Scan the records below for the line with "Блестящая бабочка цинковый" and the line with "Haeger Art Pottery". Repeat those two lines and every line between them exactly, and nothing else.

⁂

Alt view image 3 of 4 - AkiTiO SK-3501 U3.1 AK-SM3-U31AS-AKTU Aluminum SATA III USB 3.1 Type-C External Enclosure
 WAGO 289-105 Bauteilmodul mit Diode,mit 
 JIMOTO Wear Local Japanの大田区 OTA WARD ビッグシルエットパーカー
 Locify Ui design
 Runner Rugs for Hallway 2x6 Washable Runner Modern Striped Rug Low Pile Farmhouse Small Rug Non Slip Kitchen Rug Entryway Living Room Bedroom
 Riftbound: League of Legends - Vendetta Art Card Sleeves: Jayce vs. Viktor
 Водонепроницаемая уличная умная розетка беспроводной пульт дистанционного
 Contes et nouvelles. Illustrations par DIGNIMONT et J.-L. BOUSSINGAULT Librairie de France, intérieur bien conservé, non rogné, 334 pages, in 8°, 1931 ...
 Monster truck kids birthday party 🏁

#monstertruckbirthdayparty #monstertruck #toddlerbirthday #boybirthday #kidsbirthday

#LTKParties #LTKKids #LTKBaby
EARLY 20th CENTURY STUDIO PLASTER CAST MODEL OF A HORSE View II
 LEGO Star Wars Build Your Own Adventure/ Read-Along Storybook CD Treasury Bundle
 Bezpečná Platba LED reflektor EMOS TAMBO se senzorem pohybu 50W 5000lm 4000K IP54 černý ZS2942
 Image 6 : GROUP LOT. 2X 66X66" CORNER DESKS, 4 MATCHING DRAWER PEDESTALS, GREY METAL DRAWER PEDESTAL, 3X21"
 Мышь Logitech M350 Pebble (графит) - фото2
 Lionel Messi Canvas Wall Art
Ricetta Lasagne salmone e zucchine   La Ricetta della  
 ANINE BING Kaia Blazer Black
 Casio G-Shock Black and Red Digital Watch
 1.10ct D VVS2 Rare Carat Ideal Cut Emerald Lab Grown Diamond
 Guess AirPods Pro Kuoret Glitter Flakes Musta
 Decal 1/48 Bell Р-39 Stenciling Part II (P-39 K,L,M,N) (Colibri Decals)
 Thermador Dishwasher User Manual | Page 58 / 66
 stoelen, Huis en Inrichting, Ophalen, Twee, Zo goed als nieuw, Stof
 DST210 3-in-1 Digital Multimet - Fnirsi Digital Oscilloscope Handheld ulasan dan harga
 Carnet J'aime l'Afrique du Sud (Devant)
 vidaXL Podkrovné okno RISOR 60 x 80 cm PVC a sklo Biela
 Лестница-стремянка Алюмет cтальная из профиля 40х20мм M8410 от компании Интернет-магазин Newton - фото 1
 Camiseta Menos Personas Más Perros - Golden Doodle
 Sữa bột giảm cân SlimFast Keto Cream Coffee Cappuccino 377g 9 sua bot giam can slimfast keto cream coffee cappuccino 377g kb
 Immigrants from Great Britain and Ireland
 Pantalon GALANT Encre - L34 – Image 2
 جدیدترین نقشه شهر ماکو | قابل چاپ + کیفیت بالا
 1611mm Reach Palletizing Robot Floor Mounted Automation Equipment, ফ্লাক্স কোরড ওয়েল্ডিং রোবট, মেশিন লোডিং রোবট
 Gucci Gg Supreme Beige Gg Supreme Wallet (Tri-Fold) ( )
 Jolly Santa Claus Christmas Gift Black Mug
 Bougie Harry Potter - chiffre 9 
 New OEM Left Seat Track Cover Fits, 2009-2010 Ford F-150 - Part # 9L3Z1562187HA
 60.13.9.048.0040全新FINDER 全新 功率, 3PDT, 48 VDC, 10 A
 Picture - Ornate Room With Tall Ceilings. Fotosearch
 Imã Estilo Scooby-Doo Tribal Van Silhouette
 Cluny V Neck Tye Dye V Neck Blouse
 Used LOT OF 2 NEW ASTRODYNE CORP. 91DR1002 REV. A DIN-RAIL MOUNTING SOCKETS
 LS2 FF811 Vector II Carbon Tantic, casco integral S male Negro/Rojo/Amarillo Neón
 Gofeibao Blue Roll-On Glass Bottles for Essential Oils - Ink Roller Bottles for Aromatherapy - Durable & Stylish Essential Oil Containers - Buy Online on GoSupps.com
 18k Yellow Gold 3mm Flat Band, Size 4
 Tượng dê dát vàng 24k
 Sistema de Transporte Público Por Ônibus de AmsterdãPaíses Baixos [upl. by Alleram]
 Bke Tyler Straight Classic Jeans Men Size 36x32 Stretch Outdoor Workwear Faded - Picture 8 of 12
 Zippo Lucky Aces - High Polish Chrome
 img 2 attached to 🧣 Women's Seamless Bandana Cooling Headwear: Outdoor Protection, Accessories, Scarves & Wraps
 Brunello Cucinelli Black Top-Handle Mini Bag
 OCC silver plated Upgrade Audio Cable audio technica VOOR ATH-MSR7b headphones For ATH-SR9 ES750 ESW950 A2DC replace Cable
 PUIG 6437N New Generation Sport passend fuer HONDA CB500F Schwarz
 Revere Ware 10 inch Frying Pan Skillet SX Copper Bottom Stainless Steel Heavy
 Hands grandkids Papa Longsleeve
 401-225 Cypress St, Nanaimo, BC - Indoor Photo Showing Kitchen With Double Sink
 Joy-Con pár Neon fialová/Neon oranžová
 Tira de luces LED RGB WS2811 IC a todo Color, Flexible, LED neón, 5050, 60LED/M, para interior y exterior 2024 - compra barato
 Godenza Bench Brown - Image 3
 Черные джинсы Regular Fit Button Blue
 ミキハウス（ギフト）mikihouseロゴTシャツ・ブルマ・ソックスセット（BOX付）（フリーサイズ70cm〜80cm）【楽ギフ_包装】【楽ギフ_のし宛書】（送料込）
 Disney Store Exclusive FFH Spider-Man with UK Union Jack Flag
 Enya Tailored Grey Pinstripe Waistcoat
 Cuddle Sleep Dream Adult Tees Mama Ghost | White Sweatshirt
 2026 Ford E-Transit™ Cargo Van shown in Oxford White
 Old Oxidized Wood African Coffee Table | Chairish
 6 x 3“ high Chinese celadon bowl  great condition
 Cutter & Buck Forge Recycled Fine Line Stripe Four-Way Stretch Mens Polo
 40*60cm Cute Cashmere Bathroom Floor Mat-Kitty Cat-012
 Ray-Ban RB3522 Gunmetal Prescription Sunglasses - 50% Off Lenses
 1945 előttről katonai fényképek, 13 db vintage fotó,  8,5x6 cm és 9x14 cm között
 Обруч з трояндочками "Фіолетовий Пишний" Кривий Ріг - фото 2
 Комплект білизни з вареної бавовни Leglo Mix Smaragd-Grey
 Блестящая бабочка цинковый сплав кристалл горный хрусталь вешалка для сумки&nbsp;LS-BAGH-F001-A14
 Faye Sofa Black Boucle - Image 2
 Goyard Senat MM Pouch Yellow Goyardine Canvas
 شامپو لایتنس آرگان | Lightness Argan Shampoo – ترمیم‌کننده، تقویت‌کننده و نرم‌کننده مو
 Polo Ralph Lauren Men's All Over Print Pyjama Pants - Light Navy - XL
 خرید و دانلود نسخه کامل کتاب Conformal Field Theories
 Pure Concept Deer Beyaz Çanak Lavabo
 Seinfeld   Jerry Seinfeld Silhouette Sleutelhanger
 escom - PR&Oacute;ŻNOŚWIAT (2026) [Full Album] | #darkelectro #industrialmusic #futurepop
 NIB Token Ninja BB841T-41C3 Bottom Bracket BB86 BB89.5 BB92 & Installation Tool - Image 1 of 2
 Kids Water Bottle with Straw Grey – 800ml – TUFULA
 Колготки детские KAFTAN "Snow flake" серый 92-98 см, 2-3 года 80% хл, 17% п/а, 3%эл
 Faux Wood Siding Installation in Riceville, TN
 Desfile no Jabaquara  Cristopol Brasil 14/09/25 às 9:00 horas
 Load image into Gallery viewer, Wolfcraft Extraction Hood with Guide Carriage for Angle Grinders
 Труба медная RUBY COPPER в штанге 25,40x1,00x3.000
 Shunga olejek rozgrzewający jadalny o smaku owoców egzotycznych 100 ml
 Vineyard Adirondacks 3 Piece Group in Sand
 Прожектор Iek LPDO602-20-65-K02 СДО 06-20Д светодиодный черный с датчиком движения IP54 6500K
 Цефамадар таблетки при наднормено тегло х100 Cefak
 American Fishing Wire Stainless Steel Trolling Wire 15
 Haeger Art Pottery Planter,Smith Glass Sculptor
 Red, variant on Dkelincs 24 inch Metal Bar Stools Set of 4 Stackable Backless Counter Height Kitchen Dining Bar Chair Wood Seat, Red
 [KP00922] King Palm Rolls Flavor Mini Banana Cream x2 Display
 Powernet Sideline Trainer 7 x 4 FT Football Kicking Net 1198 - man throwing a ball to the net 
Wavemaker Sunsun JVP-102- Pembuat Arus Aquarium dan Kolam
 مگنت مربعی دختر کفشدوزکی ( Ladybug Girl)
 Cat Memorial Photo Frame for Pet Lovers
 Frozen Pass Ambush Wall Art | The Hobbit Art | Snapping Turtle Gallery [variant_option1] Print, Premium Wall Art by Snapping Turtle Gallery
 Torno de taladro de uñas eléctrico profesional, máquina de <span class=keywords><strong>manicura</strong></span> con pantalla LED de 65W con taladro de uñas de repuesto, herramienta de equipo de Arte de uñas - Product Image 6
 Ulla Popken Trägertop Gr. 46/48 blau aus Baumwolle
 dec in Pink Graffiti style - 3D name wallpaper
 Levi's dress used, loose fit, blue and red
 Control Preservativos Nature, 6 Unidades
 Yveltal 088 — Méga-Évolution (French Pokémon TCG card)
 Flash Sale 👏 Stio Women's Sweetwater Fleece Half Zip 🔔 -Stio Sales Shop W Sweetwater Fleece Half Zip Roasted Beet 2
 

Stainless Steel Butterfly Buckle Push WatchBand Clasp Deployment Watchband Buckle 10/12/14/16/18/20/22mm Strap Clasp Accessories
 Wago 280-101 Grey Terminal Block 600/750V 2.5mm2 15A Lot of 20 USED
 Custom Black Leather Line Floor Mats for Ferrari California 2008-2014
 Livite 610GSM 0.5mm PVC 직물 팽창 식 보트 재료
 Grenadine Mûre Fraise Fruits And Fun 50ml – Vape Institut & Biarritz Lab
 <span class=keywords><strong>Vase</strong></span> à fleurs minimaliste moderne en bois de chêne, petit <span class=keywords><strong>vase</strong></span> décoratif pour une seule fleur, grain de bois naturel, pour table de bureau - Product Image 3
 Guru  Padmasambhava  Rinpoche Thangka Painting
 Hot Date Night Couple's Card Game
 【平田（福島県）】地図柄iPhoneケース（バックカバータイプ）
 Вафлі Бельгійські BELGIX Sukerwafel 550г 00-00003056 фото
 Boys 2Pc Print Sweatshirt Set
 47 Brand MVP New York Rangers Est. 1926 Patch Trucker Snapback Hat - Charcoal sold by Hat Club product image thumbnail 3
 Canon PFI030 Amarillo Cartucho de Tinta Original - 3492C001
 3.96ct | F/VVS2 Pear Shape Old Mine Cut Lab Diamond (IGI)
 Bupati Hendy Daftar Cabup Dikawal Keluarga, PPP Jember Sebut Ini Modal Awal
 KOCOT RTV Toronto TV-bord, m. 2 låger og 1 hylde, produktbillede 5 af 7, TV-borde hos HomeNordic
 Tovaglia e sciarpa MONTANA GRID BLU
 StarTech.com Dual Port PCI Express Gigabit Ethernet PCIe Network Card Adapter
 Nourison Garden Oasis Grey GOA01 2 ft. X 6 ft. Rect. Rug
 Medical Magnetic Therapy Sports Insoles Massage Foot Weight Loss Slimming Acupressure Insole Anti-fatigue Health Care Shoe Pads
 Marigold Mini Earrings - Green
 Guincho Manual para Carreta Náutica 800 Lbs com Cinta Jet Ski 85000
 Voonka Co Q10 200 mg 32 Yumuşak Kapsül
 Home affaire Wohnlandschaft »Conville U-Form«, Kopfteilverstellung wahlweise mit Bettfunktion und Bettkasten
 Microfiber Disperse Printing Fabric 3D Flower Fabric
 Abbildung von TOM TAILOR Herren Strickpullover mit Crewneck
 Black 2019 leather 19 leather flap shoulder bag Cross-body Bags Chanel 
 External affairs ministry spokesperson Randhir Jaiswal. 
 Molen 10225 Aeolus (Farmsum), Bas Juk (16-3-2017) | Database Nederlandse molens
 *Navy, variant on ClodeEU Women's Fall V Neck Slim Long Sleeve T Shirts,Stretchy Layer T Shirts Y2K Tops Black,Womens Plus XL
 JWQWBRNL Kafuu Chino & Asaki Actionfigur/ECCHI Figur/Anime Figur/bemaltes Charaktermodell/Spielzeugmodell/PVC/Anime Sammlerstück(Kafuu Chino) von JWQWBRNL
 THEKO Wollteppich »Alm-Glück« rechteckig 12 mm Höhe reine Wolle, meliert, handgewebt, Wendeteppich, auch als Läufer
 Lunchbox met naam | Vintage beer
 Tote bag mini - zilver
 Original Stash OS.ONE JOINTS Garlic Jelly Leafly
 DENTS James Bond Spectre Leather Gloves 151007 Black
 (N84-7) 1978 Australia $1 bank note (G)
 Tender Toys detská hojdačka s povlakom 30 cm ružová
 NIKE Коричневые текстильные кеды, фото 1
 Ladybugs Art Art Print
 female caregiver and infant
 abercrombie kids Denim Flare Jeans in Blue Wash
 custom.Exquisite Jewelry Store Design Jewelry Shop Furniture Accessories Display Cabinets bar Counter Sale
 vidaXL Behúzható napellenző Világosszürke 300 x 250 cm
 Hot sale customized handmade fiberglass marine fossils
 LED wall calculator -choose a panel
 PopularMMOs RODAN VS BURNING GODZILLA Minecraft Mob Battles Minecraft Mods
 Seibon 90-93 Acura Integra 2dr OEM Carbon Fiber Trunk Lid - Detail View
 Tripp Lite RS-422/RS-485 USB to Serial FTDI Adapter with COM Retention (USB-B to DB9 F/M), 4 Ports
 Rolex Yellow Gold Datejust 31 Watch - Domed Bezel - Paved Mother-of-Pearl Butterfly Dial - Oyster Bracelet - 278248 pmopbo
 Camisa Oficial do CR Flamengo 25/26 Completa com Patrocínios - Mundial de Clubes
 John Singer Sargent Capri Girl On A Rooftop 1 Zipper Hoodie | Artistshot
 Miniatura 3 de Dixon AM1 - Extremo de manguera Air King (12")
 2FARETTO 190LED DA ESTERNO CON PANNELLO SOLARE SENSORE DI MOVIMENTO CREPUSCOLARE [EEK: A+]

⁂

## [Task solution]
 Блестящая бабочка цинковый сплав кристалл горный хрусталь вешалка для сумки&nbsp;LS-BAGH-F001-A14
 Faye Sofa Black Boucle - Image 2
 Goyard Senat MM Pouch Yellow Goyardine Canvas
 شامپو لایتنس آرگان | Lightness Argan Shampoo – ترمیم‌کننده، تقویت‌کننده و نرم‌کننده مو
 Polo Ralph Lauren Men's All Over Print Pyjama Pants - Light Navy - XL
 خرید و دانلود نسخه کامل کتاب Conformal Field Theories
 Pure Concept Deer Beyaz Çanak Lavabo
 Seinfeld   Jerry Seinfeld Silhouette Sleutelhanger
 escom - PR&Oacute;ŻNOŚWIAT (2026) [Full Album] | #darkelectro #industrialmusic #futurepop
 NIB Token Ninja BB841T-41C3 Bottom Bracket BB86 BB89.5 BB92 & Installation Tool - Image 1 of 2
 Kids Water Bottle with Straw Grey – 800ml – TUFULA
 Колготки детские KAFTAN "Snow flake" серый 92-98 см, 2-3 года 80% хл, 17% п/а, 3%эл
 Faux Wood Siding Installation in Riceville, TN
 Desfile no Jabaquara  Cristopol Brasil 14/09/25 às 9:00 horas
 Load image into Gallery viewer, Wolfcraft Extraction Hood with Guide Carriage for Angle Grinders
 Труба медная RUBY COPPER в штанге 25,40x1,00x3.000
 Shunga olejek rozgrzewający jadalny o smaku owoców egzotycznych 100 ml
 Vineyard Adirondacks 3 Piece Group in Sand
 Прожектор Iek LPDO602-20-65-K02 СДО 06-20Д светодиодный черный с датчиком движения IP54 6500K
 Цефамадар таблетки при наднормено тегло х100 Cefak
 American Fishing Wire Stainless Steel Trolling Wire 15
 Haeger Art Pottery Planter,Smith Glass Sculptor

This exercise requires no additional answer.